↓
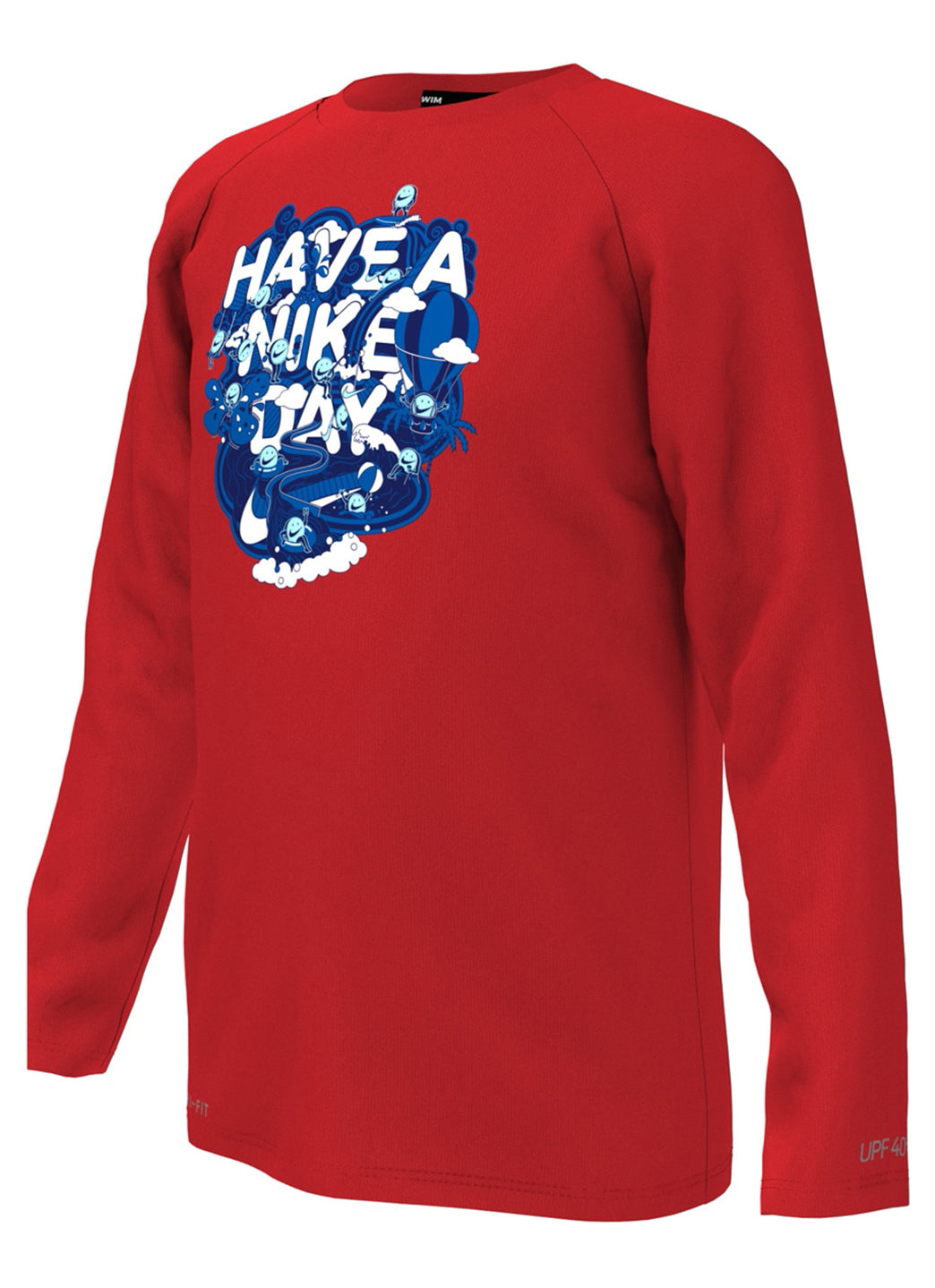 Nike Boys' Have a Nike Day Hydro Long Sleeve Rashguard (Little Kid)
↑
↓
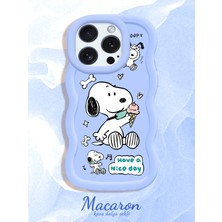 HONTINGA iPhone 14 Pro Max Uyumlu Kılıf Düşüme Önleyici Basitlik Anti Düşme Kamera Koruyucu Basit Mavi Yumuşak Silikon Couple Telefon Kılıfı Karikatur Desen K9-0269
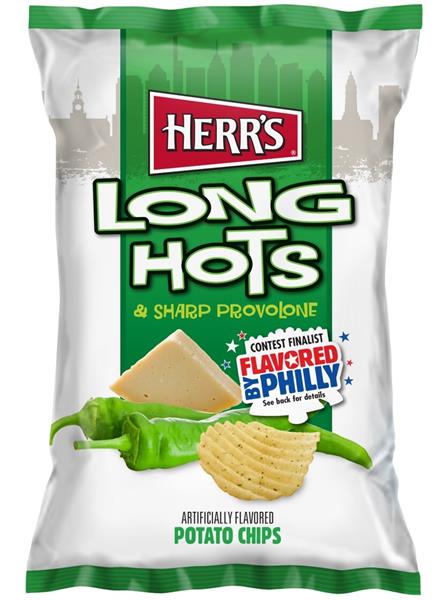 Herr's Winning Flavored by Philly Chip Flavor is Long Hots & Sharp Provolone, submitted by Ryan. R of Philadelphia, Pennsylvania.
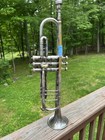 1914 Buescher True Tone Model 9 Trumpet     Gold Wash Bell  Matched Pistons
↑
● What is being asked: Above are the records. Copy word for word only their lines from the one holding "Herr's Winning Flavored" through the one holding "1914 Buescher True", both included, and skip the images.

● Answer section:
 Herr's Winning Flavored by Philly Chip Flavor is Long Hots & Sharp Provolone, submitted by Ryan. R of Philadelphia, Pennsylvania.
 1914 Buescher True Tone Model 9 Trumpet     Gold Wash Bell  Matched Pistons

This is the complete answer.